A Christian writer, Lela Gilbert, recently wrote this in her book Saturday People, Sunday People*: 

On October 31, 2010 … eight [Muslim] terrorists stormed into the Assyrian Catholic Church of Our Lady of Salvation in Baghdad. … The total death count was 57 … [An American soldier] was close enough that he was able to go in [to the church]  immediately after the massacre… [and took photographs of the victims]. … It was horrifying to see babies in puddles of their own blood. Their mothers were next to them … There were old men, middle-aged women, pretty young girls and little children. And there were the [two] priests. Some of the bodies were intact, some mutilated. … I  never saw those photographs on any media sites; I tried sending them to people but almost nobody responded. … Jillian Becker … a writer on counterterrorism, has a website called The Atheist Conservative. She posted several. Otherwise they never, to my knowledge, appeared.

See our post Holy slaughter, December 20, 2010.

We are happy to have the acknowledgement, and we share Lela Gilbert’s dismay at the unconcern of the Western media and Christian churches over the fate of Christian victims.

Among the victims of religious persecution, the Jews have the most appalling history. Hatred of the Jews is the longest, the most intense, and the most spuriously rationalized. And today antisemitism is as real as “Islamophobia” is phony.
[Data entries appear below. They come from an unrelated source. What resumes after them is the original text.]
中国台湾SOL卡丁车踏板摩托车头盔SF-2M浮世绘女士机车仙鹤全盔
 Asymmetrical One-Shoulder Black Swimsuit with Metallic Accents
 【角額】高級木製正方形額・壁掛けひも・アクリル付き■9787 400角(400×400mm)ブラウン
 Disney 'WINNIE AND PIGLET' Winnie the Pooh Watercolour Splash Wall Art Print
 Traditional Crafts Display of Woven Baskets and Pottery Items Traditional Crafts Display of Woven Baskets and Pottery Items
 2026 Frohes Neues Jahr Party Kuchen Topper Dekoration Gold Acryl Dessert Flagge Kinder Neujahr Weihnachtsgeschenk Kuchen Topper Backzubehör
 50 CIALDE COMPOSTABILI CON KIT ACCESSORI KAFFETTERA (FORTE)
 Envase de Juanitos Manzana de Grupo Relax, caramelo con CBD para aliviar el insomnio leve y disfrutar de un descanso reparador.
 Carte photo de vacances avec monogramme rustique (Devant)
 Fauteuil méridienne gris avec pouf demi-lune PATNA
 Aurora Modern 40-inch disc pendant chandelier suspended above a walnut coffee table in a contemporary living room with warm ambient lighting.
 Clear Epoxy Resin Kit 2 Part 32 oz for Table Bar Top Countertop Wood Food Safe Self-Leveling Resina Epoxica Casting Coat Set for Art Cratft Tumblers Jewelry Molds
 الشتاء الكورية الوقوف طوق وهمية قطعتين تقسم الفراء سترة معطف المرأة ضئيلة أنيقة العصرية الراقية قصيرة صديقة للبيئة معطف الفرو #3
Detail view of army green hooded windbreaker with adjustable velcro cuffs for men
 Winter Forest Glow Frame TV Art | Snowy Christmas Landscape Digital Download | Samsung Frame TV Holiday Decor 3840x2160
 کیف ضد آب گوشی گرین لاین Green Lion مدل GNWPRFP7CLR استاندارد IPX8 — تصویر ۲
Recently there have been a spate of articles about antisemitism in Britain. Some argue that there is no future for Jews there.

The admirable Douglas Murray writes in the Spectator (UK):

What sort of future is there in Britain for Jews? I would submit that there is a future. But what is becoming increasingly clear is that the price of that future is that Jews will increasingly be expected to distance themselves from Israel. There is a fair amount of evidence from the Jewish community suggesting that this process is already underway. Once it is complete then those ‘good’ anti-Israel Jews will be able to proclaim victory. But the same force that they encouraged to come for their co-religionists will then just as surely come for them. And then where will they hide?

Among the many comments on Murray’s article is one by C. Gee (co-editor of The Atheist Conservative), who writes:

Antizionism is antisemitism. I have read nobody – especially in these comments – who “criticizes” the actions of Israel who cannot justly be labelled antisemitic. Of those who regard the state of Israel as an abomination, only the ultra-orthodox Jews can escape being called antisemitic.

Since 1967, British opinion has been steadily reverting to the antisemitism of the 1930s. It has not mattered whether a right or a left wing government has been in power in Israel. When the right wing is in power, the British left feels safer in asserting that “zionism is racism/nazism.” Netanyahu, Shamir, Begin – are really Jewistic Jews, zionistic zionists. Any “criticism” that assumes that Israel occupies stolen land, that it (and not the Arabs!) intends ethnic cleansing or apartheid, that it has not negotiated in good faith for a two state solution (but the Arabs have!), that it has genocidal plans for Arabs (but not the Arabs for it!), that it (but not the Arabs!) commit war crimes, that it is a colonialist power, that its citizenship rules are racist – is, by definition, antisemitism: the irrational hatred for and calumnious criminalization of Jews collectively or individually for being Jewish. Each of those criticisms is the modern form of the older poisons: German eugenics, Tsarist Protocols, medieval blood-libels.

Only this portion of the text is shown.